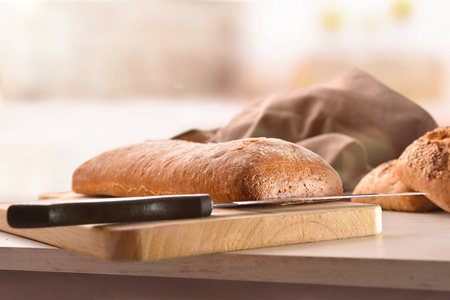 厨房长凳上的砧板上的一整条面包。 前面的风景。 水平组成部分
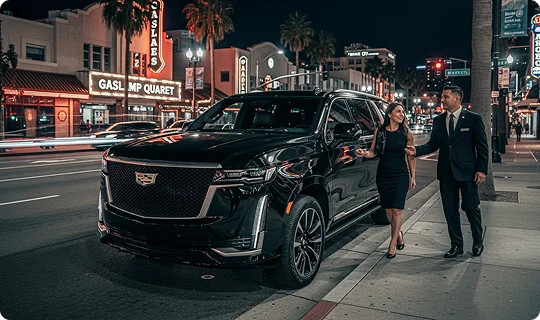 A chauffeur assists a woman in a black dress next to a black Cadillac Escalade SUV on a lively city street at night.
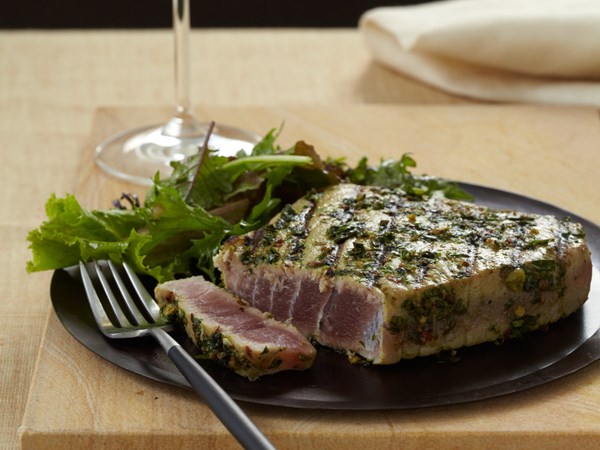 Seared encrusted tuna steak with cilantro and basil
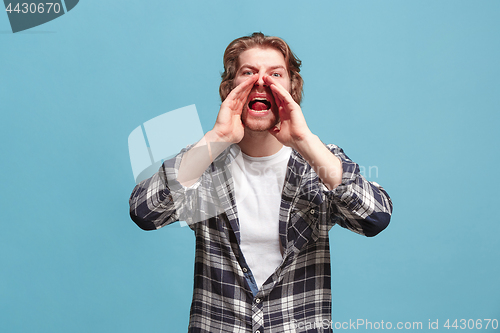 Image of Isolated on blue young casual man shouting at studio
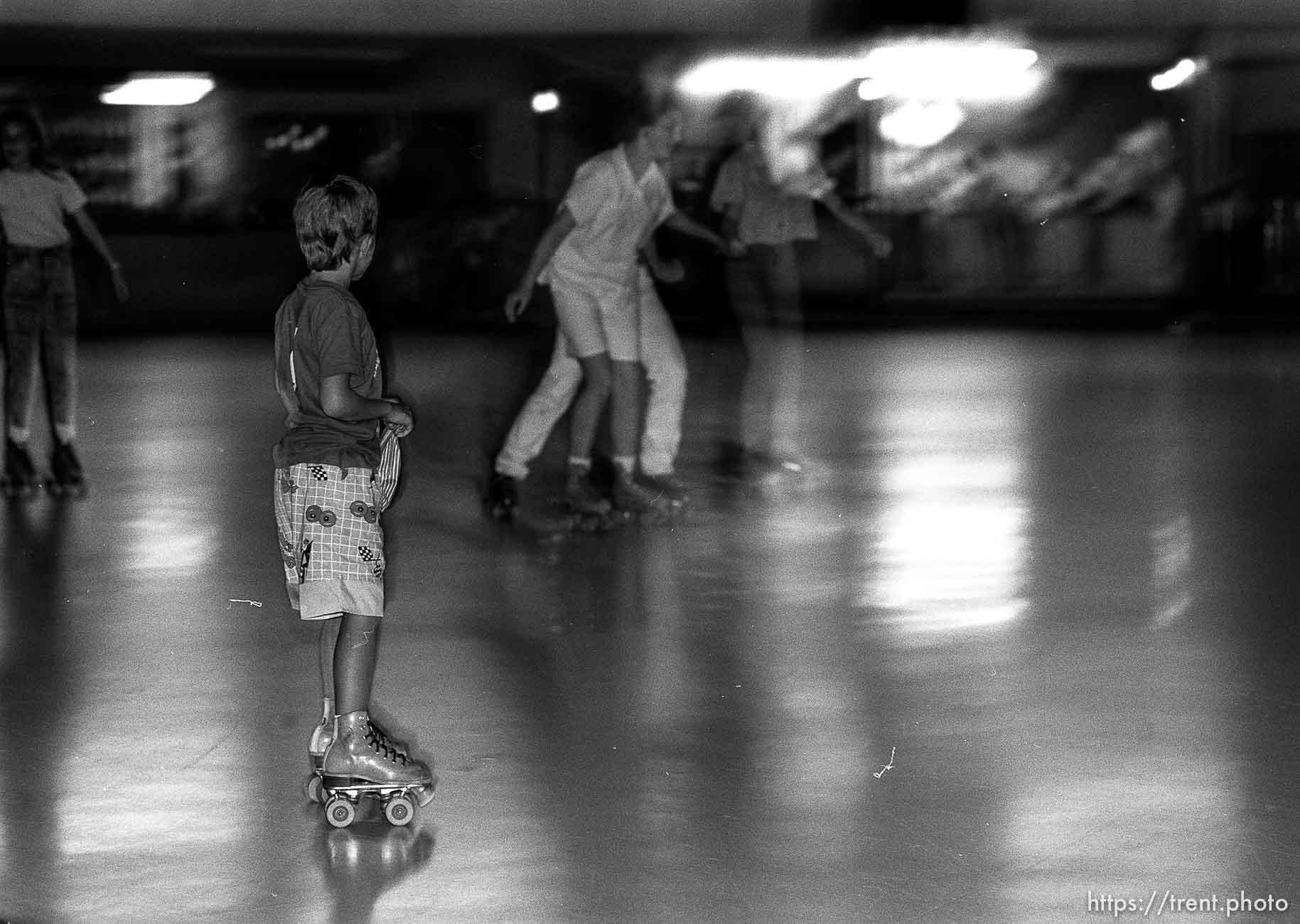 Kids roller-skating at Classic Skating Rink.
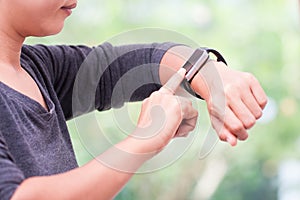 Woman using her smart watch at home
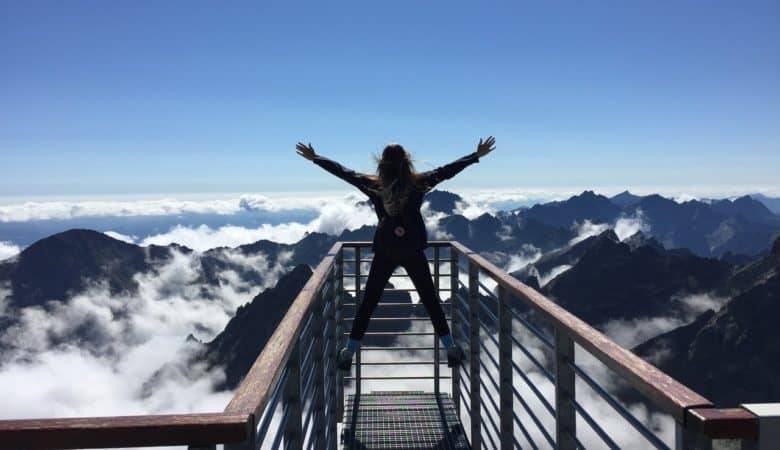 A woman stands on the railing of a look out at the top of a mountain. Her arms are thrown out in a power pose of triumph.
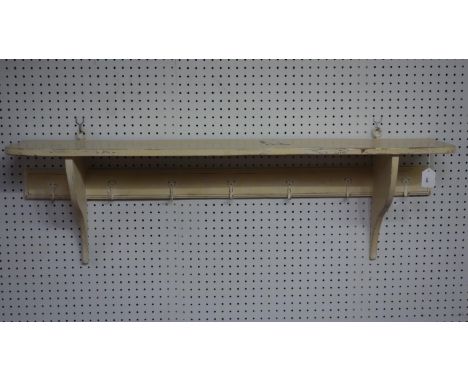 A vintage painted wall hanging coat and hat stand with shelf, H.40 W.130 D.27cm 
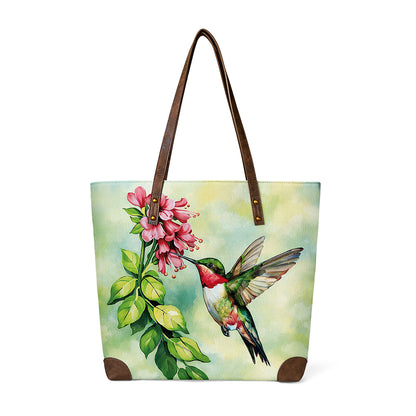 Hummingbird Tote shows bird on blooming flower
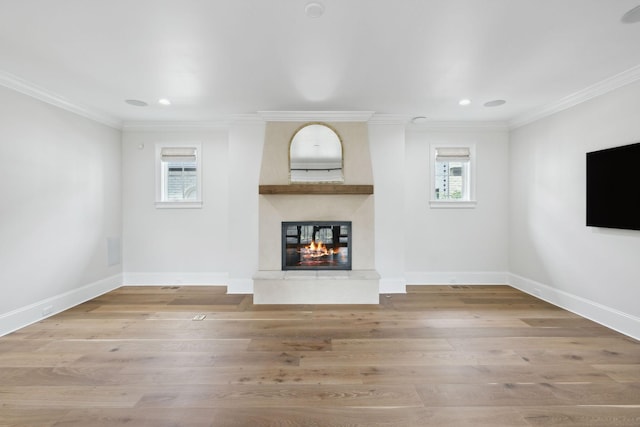 304 Berry Cir, Franklin, TN 37064 - unfurnished living room featuring ornamental molding, a large fireplace, light wood-style floors, baseboards, and recessed lighting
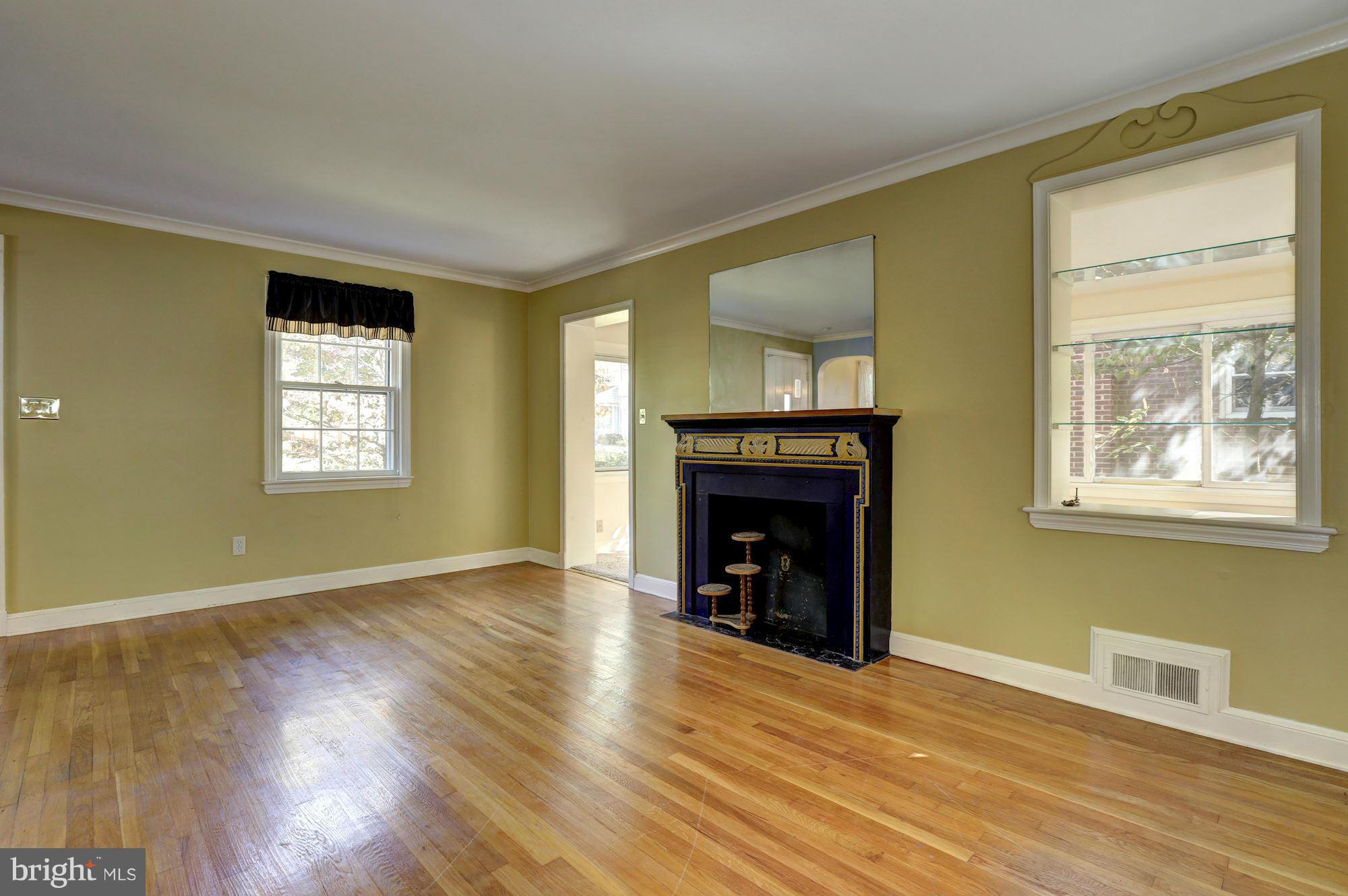 9222 Glenville Road Silver Spring, MD 20901 - Photo 5 of 30 Living Room with Decorative Fireplace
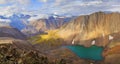 Mountain landscape, Altai. Lake in a deep gorge, colored rocks, morning light.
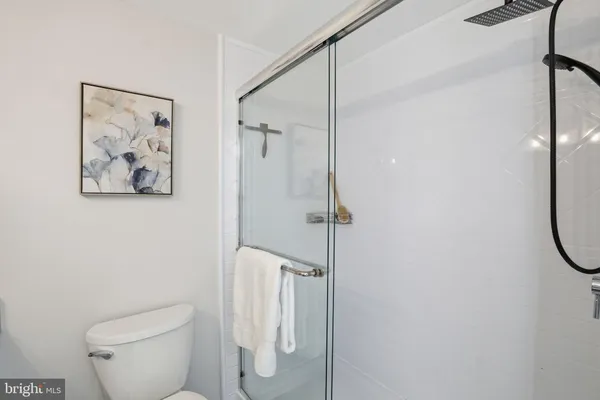 a bathroom with a toilet and a shower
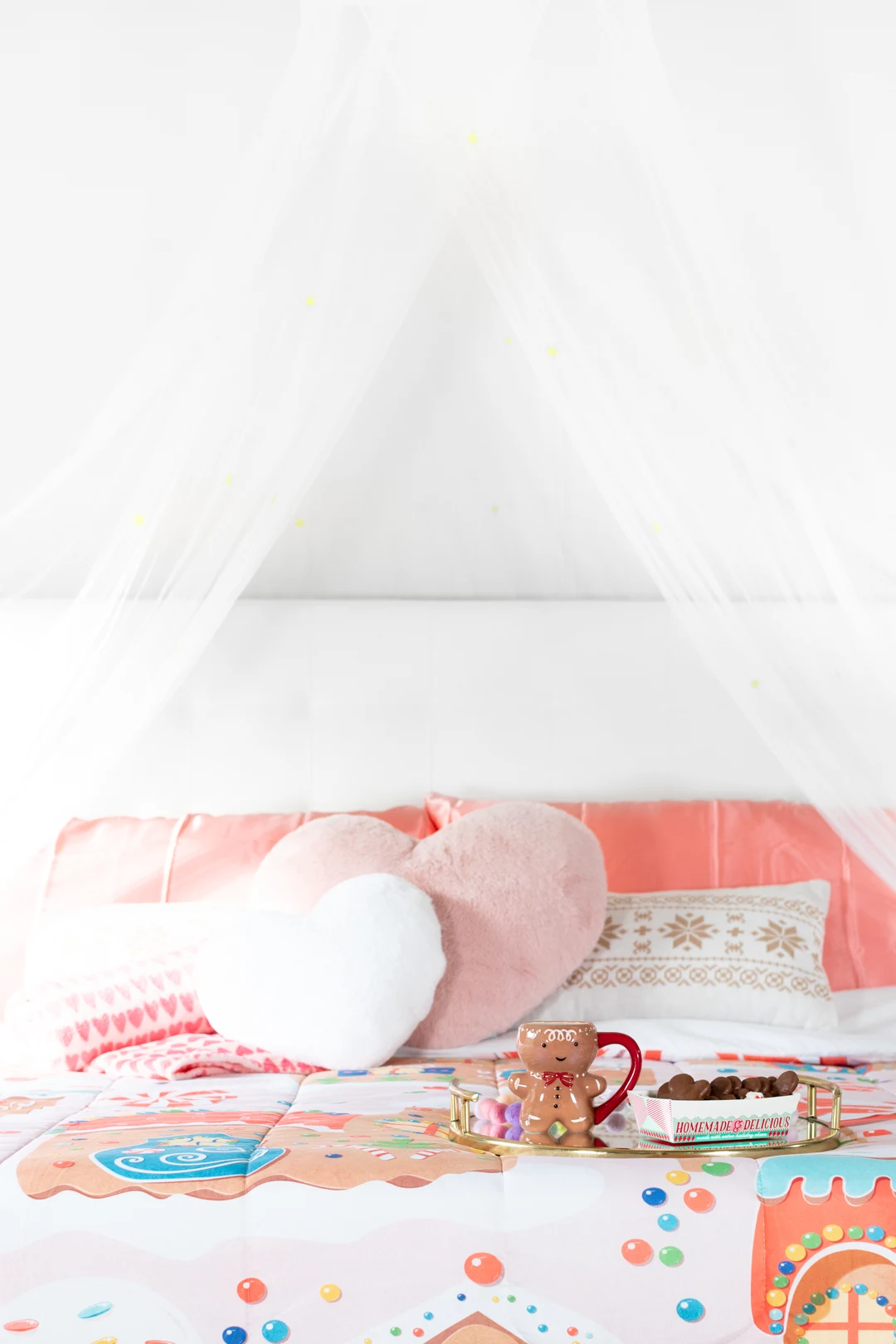 cozy christmas bedroom setup with heart-shaped pillows, gingerbread blankets and pretty tent.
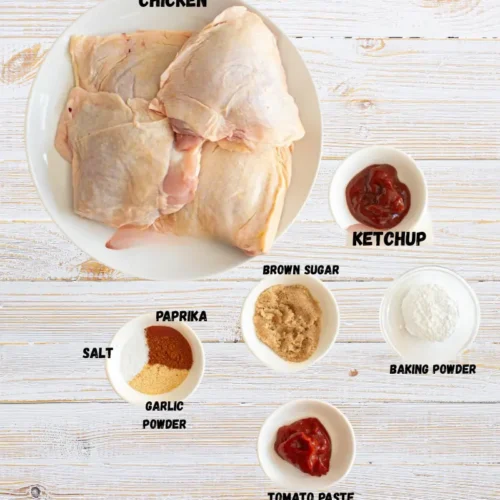 Raw Chicken Thighs with Seasoning Ingredients for Marinade Preparation Overhead shot of raw bone-in, skin-on chicken thighs on a white plate surrounded by small bowls of ingredients including ketchup, tomato paste, brown sugar, baking powder, paprika, garlic powder, and salt on a light wooden background.
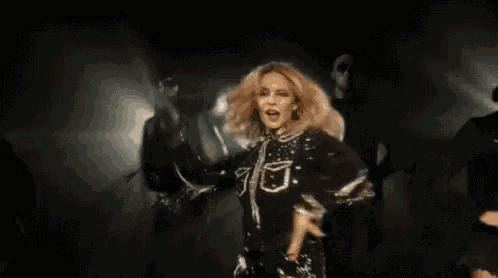 a woman is dancing on stage with her arms in the air .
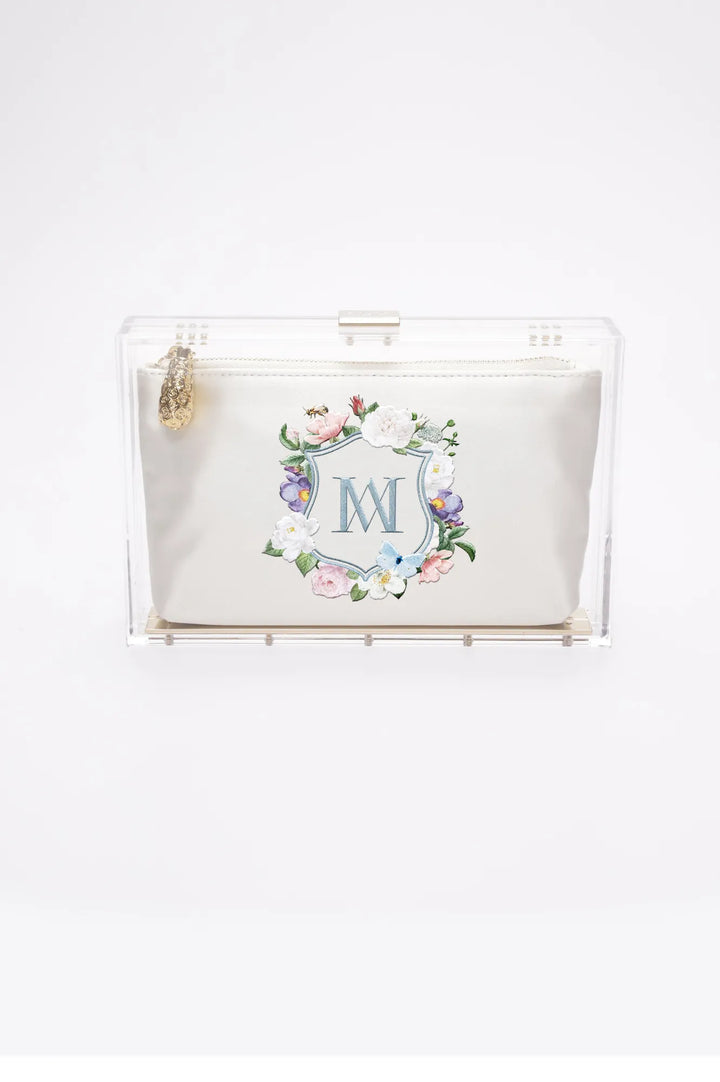 A Mia - Clear Acrylic Clutch with Floral Monogram Embroidery from The Bella Rosa Collection.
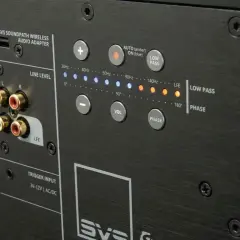 Panneau arrière d'un caisson de basse SVS. Réglage du caisson de basse avec connecteurs RCA, commandes de volume, phase, et indicateurs de fréquence.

◆ ◆ ◆ ◆ ◆

> Task objective: Give every record again word for word, pictures excluded.

> Task solution:
 厨房长凳上的砧板上的一整条面包。 前面的风景。 水平组成部分
 A chauffeur assists a woman in a black dress next to a black Cadillac Escalade SUV on a lively city street at night.
 Seared encrusted tuna steak with cilantro and basil
 Image of Isolated on blue young casual man shouting at studio
 Kids roller-skating at Classic Skating Rink.
 Woman using her smart watch at home
 A woman stands on the railing of a look out at the top of a mountain. Her arms are thrown out in a power pose of triumph.
 A vintage painted wall hanging coat and hat stand with shelf, H.40 W.130 D.27cm 
 Hummingbird Tote shows bird on blooming flower
 304 Berry Cir, Franklin, TN 37064 - unfurnished living room featuring ornamental molding, a large fireplace, light wood-style floors, baseboards, and recessed lighting
 9222 Glenville Road Silver Spring, MD 20901 - Photo 5 of 30 Living Room with Decorative Fireplace
 Mountain landscape, Altai. Lake in a deep gorge, colored rocks, morning light.
 a bathroom with a toilet and a shower
 cozy christmas bedroom setup with heart-shaped pillows, gingerbread blankets and pretty tent.
 Raw Chicken Thighs with Seasoning Ingredients for Marinade Preparation Overhead shot of raw bone-in, skin-on chicken thighs on a white plate surrounded by small bowls of ingredients including ketchup, tomato paste, brown sugar, baking powder, paprika, garlic powder, and salt on a light wooden background.
 a woman is dancing on stage with her arms in the air .
 A Mia - Clear Acrylic Clutch with Floral Monogram Embroidery from The Bella Rosa Collection.
 Panneau arrière d'un caisson de basse SVS. Réglage du caisson de basse avec connecteurs RCA, commandes de volume, phase, et indicateurs de fréquence.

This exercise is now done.